* **Exercise aim**
The answer must be an exact copy of the lines from the one with "954-962 Market Street, Tenderloin, San" to the last line of the entries below, both included, and must contain no pictures.

[Recorded data]
====

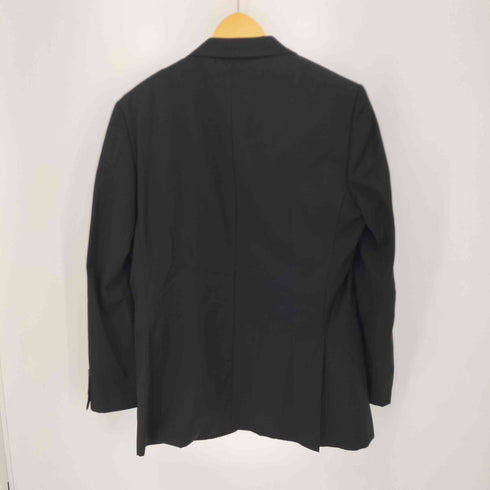 バーバリーブラックレーベル BURBERRY BLACK LABEL ウール 2B テーラードジャケット メンズ 42L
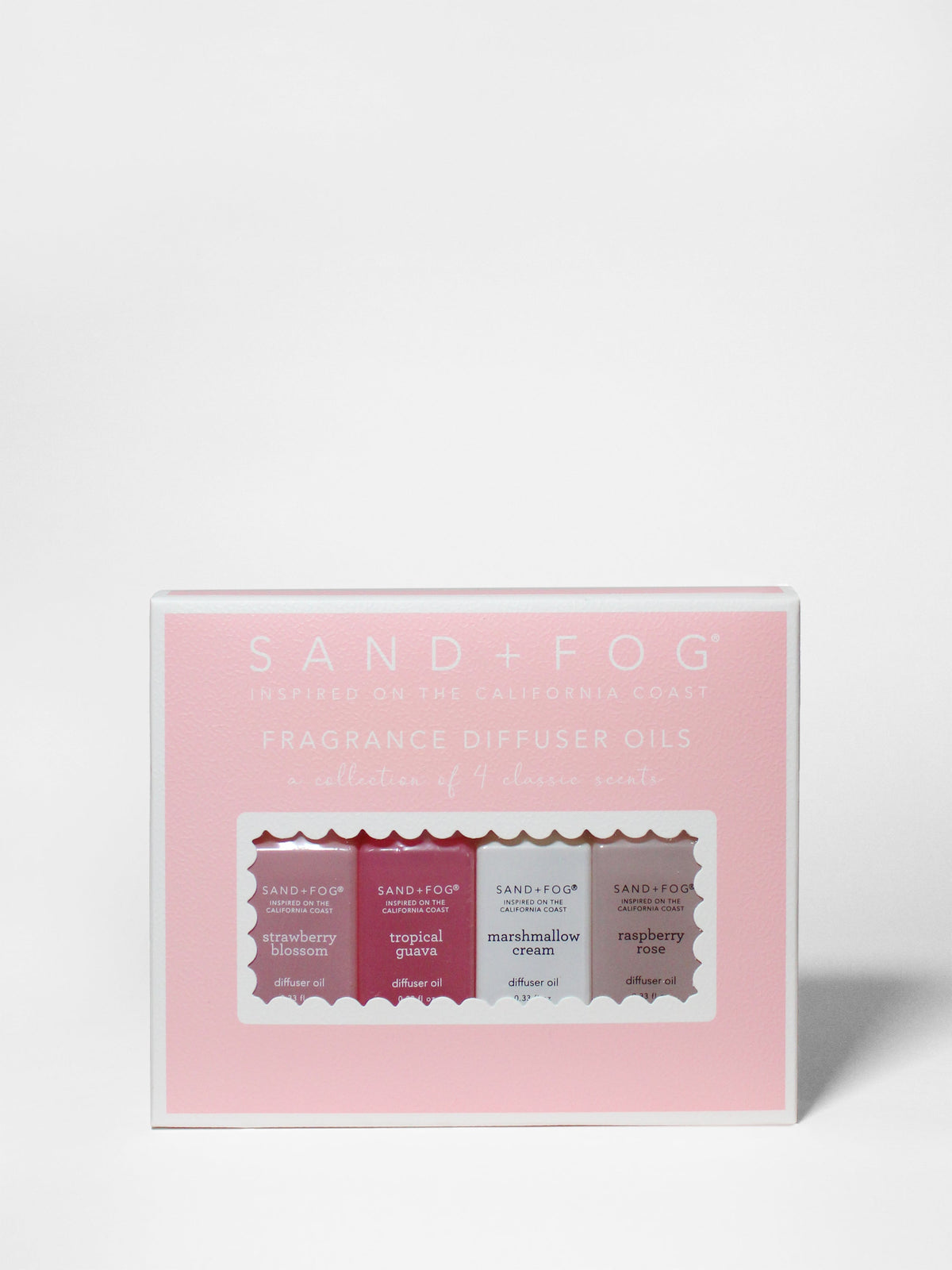 Scented 4 Pack of 10 ml Fragrance Diffuser Oils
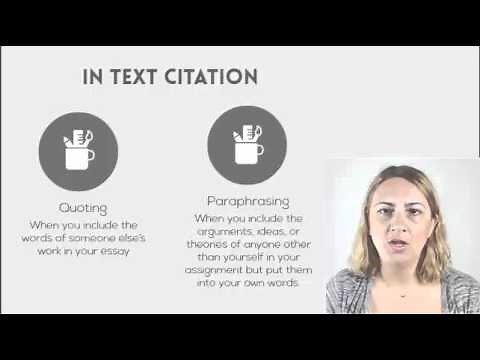 Harvard Style Referencing Tutorial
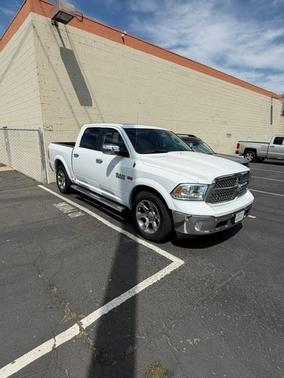White 2017 RAM 1500 Laramie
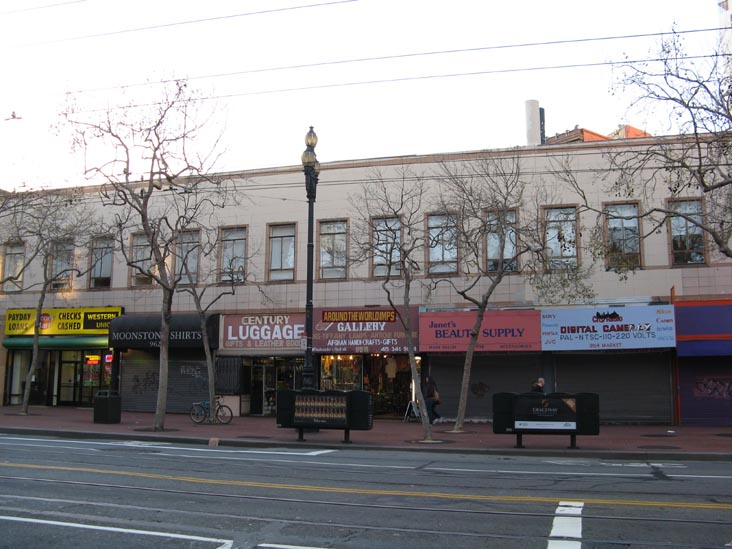 954-962 Market Street, Tenderloin, San Francisco, California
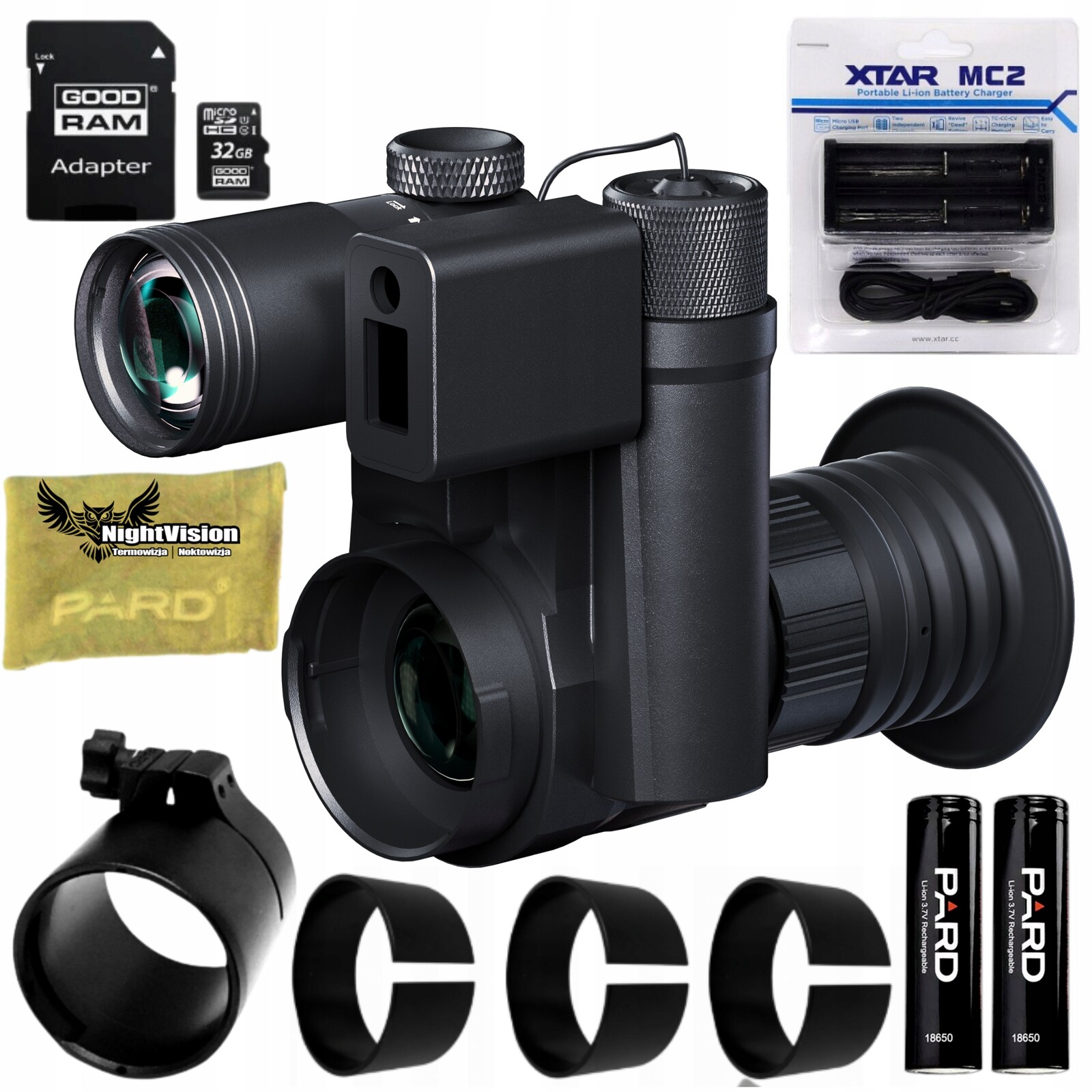 Nástavec pro noční vidění Pard NV-007SP2 4K Lrf IR1 940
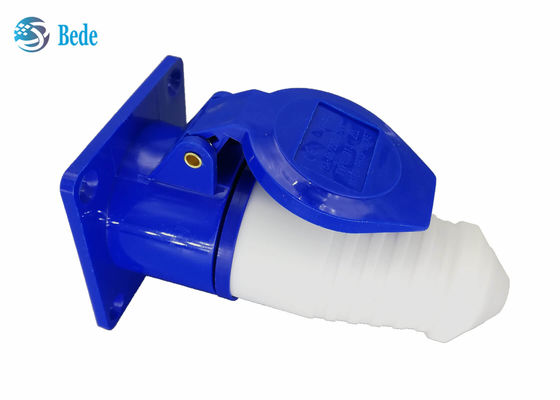 3 τοποθετημένος επιτροπή τύπος αδιάβροχο IP44 220-250V 16A εξαρτήσεων βουλωμάτων και υποδοχών καρφιτσών βιομηχανικός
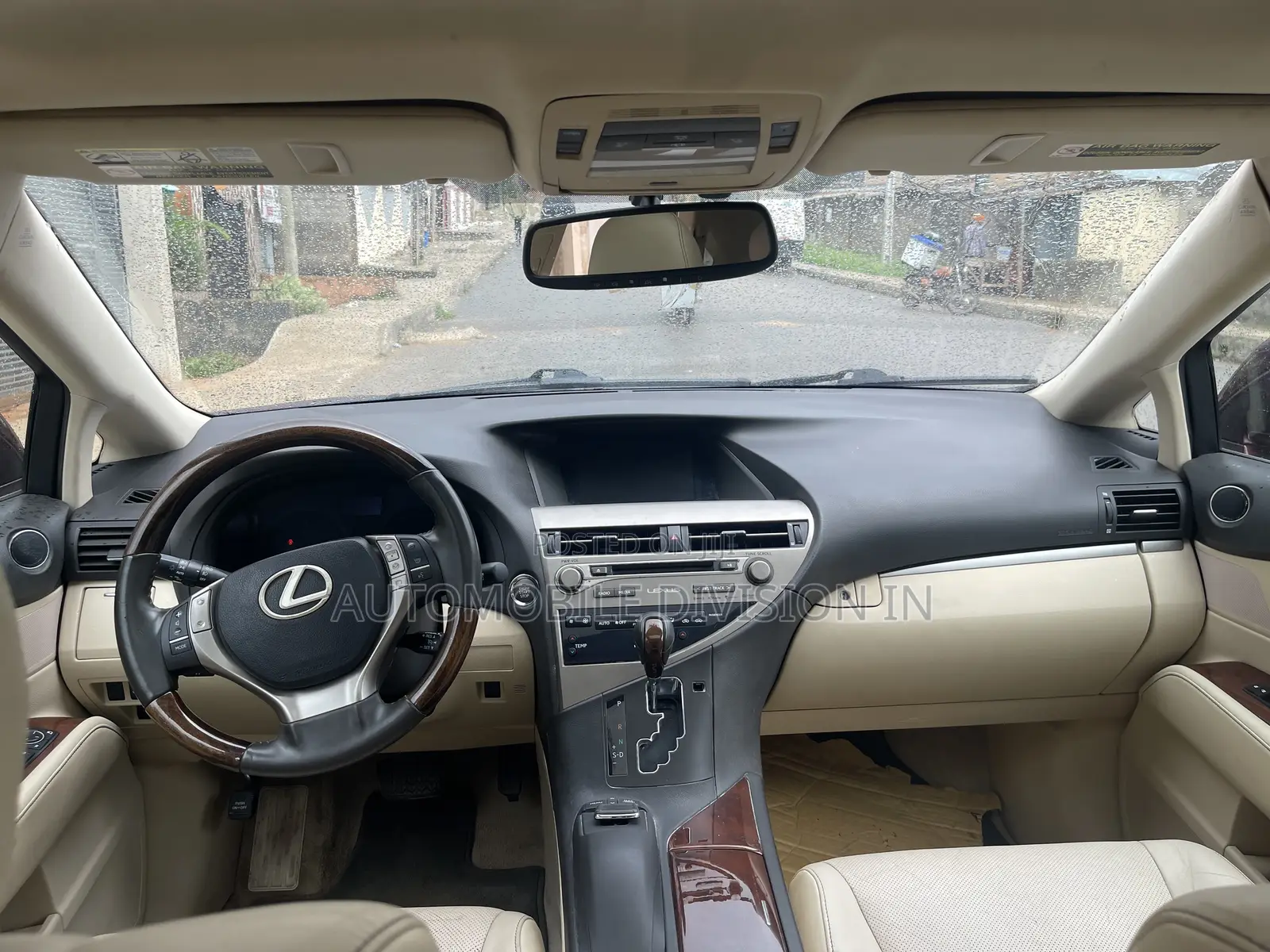 Lexus RX 350 AWD 2014 Brown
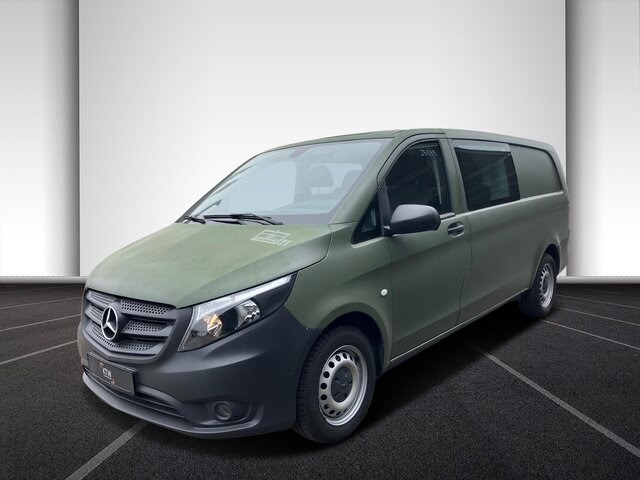 Микроавтобус, Пассажирский фургон MERCEDES-BENZ Vito114 Mixto Extralang,Klima,Tempomat,Standhzg: фото 15
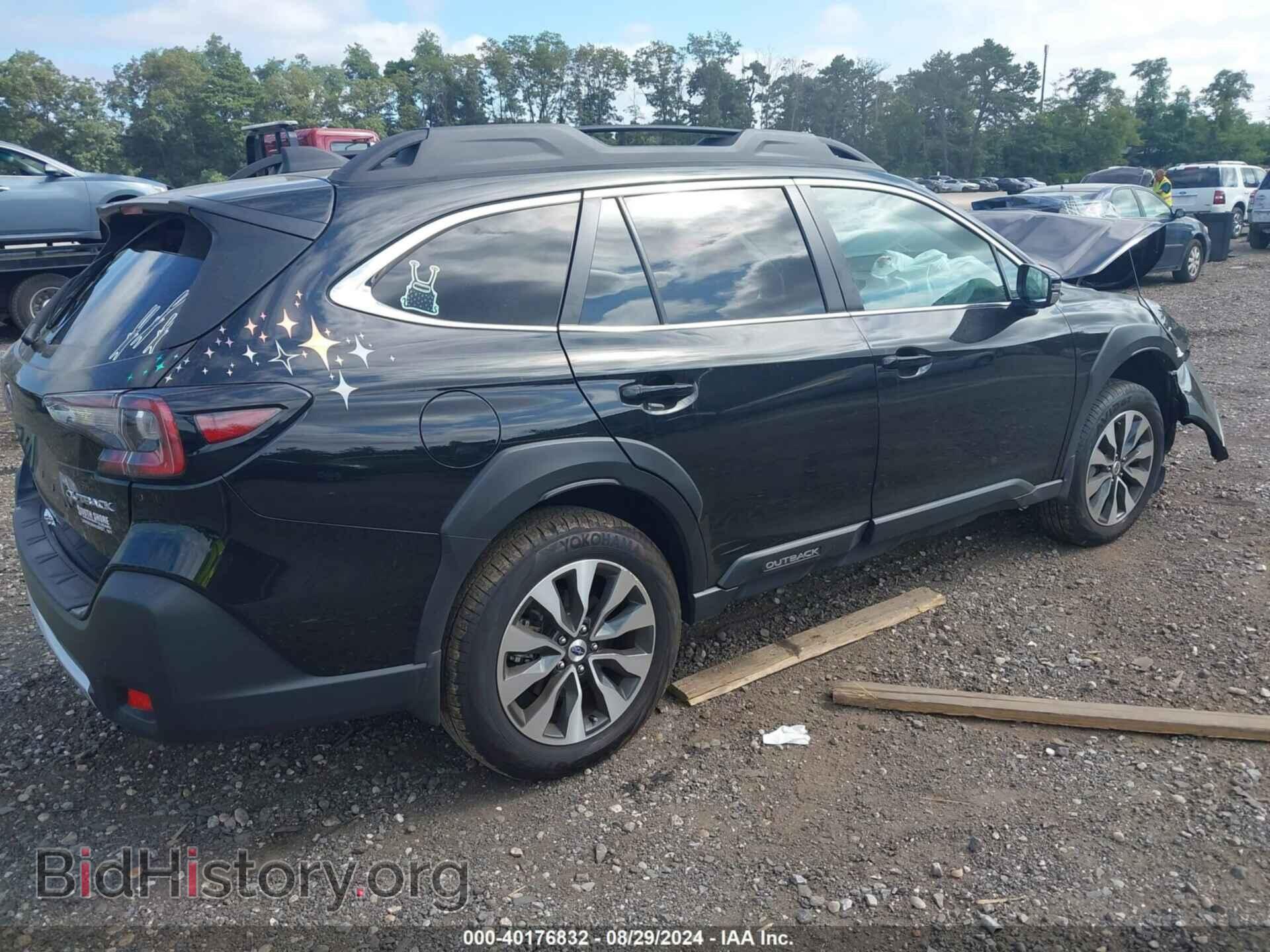 2024 SUBARU OUTBACK - VIN: 4S4BTANC6R3121051 - Фото 4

====

* **Solution for this problem**
 954-962 Market Street, Tenderloin, San Francisco, California
 Nástavec pro noční vidění Pard NV-007SP2 4K Lrf IR1 940
 3 τοποθετημένος επιτροπή τύπος αδιάβροχο IP44 220-250V 16A εξαρτήσεων βουλωμάτων και υποδοχών καρφιτσών βιομηχανικός
 Lexus RX 350 AWD 2014 Brown
 Микроавтобус, Пассажирский фургон MERCEDES-BENZ Vito114 Mixto Extralang,Klima,Tempomat,Standhzg: фото 15
 2024 SUBARU OUTBACK - VIN: 4S4BTANC6R3121051 - Фото 4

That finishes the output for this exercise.